The fiduciary duties of directors are not closed or limited. In some jurisdictions, the duties are provided for by statutes while some are identified by case law over time. Predominantly however, the clearly identifiable fiduciary duties of directors include but are not limited to: the duty not to act ultra vires the powers of the company, the duty not to act ultra vires the power given to them by the company, the duty to act bona fide, the duty to act honestly in the interest if the company, the duty to exercise their powers for the benefit of the company, the duty not to make secret profit from the use of company assets, information or opportunities, and the duty not to maintain a conflict between their personal interest and the overall interest of the company.
In the event of a breach of their fiduciary duties, many jurisdictions have remedies available to the company and, in some instances, shareholders. These remedies have overtime been backed up by statutory provisions, giving more legitimacy to their application which may range from removal from office to restitution.
Legal approaches to conflicting corporate interests
Directors are obligated to act in the interest of the company, to ensure their interests do not at any time conflict with that of the company and to have undivided loyalty to do what is best for the company and its shareholders. This duty is so important that it is reflected in statute in some jurisdictions. Conflict of interest may take whatever form but at its core is the principle that the interest of the company is paramount.
The theory of corporate interest means that directors when making management decisions are obligated to act in the best interest of the company, usually commercially. This is more so as most companies are usually set up to make profit. At common law, transactions which were not ostensibly beneficial to the company were set aside as being void as against the company and transactions which though are outside the powers of the company and thus outside the scope of the directors’ authority may be ratified by shareholders thereby making same binding on the company because such transaction was to the benefit of the company.

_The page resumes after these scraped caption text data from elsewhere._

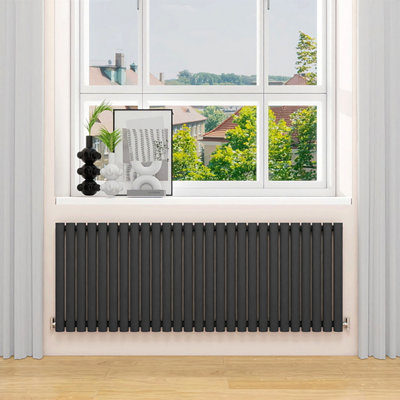 600x1593mm Horizontal Single Oval Column Designer Radiator Anthracite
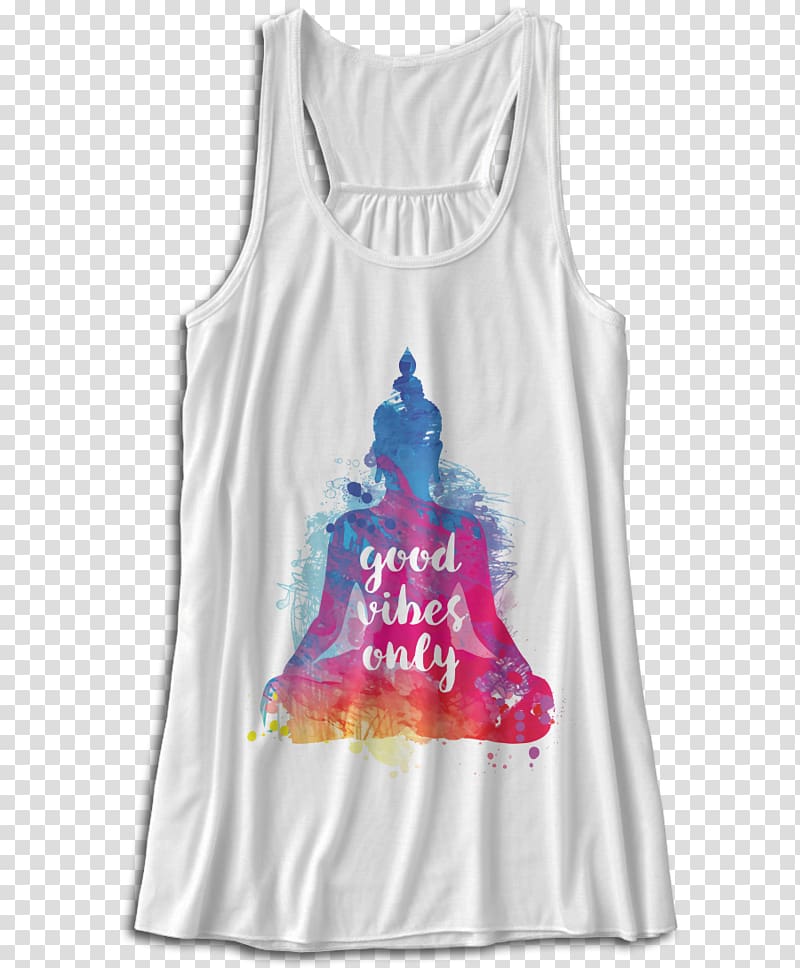 T-shirt Sleeveless shirt Top, good vibes only transparent background PNG clipart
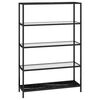 vidaXL Polica crni mramor i prozirna 100 x 36 x 168 cm kaljeno staklo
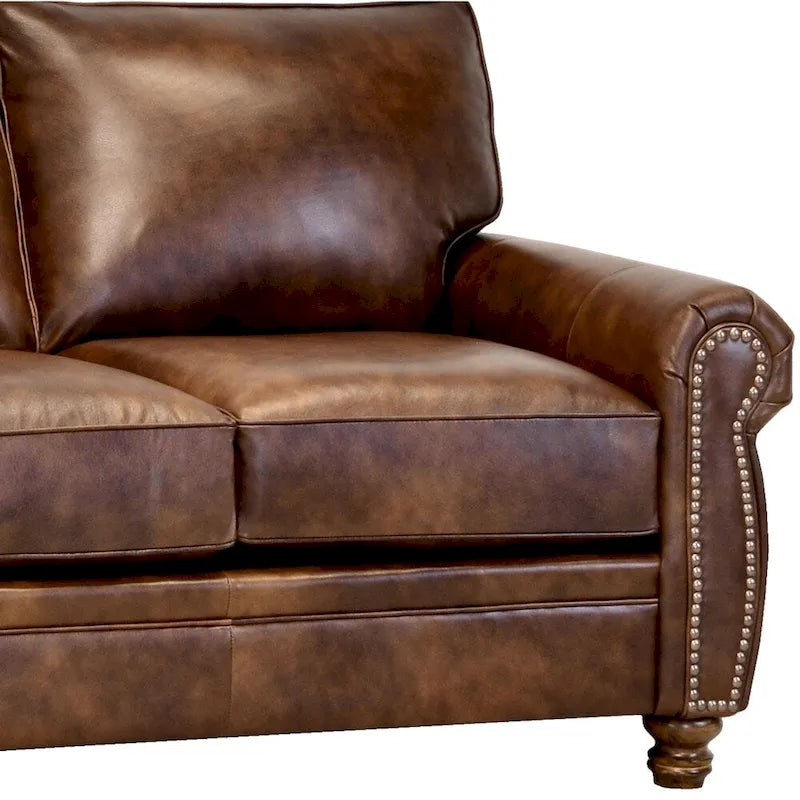 Canapé Cabot en cuir pleine fleur et ensemble de 2 fauteuils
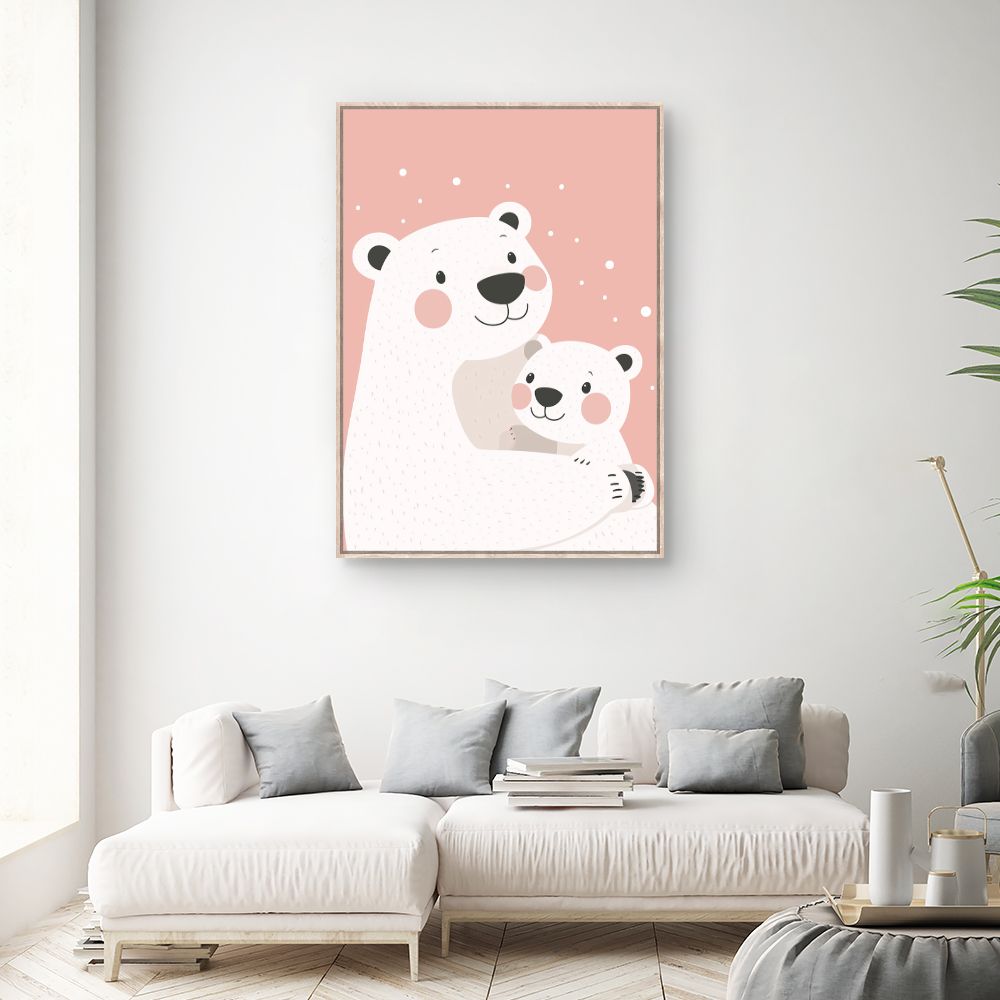 Tableau imprimé pour enfants 'Ours adorables'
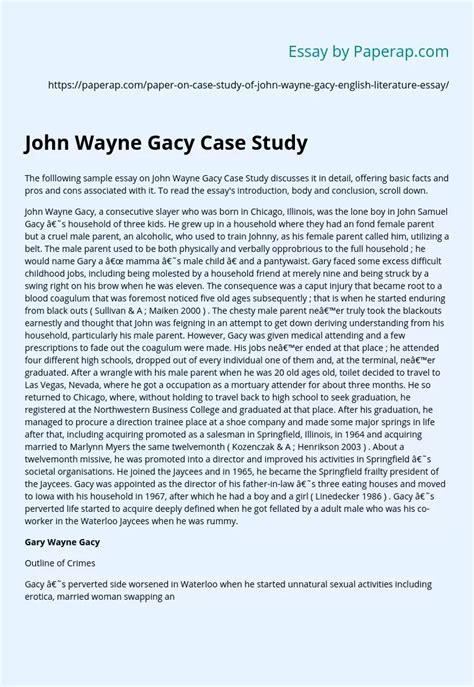 John Wayne Gacy Case Study Free Essay Example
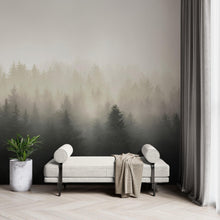 Carregar imagem no visualizador da galeria, Misty Pine Forest Wall Mural. Peaceful Foggy Morning Scenery. #6122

A director cannot use his position to further his or a third party’s interest at the detriment of the company but it is not strange for directors to have interests that have the potentials of conflicting with the interest of the company and if not well handled may result in a breach of the director’s fiduciary duties to the company. Directors may, for example, have interests in an entity which has entered or is about to enter into a contract with the company. A director may also, in his personal capacity, be interested in a business venture which the company could pursue. It is also not strange for a director to sit on the board of one or more companies, whether in the same line of business or not, and the director may find himself in a dilemma as to which company’s interest should come first in such situations. In whichever scenario the director finds himself, he must not abdicate his duty to act in the best interest of the company and must been seen to have acted fairly to the company.
In resolving the issue of conflicting corporate interests some jurisdictions have taken the extra step of addressing possible conflict situations through by legislation. In the Federal Republic of Nigeria, for example, there is a restriction on dual directorship for some statutory flavoured appointmentswhile there is also a duty on directors interested in a contract or a proposed contract to disclose the nature of their interests in the contract to the board failing which they will be liable to pay a fine. The state of Nevada in the United States of America also addresses the issue of conflicting corporate interest in the Nevada Revised Statutes 2010.

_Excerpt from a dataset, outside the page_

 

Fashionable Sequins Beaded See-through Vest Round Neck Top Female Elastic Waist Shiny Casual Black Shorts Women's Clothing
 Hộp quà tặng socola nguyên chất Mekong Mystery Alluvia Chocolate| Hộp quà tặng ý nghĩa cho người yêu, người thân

In summary, the law provides that a transaction is not void or voidable merely because of the presence or involvement of an interested or common director and went further to list instances where the exceptions may apply as summarized: 1. Where the board, though aware of the interest of the director proceeds to approve the transaction in good faith while excluding the vote of the interested director. 2. Where the shareholders though aware of the interest of the director, approve the transaction in good faith by a majority vote, including the vote of the interested director. 3. Where the common director himself is unaware of the interest at the time the transaction is brought before the board, and 4. Where the contract in itself is fair to the company as at the time it was approved.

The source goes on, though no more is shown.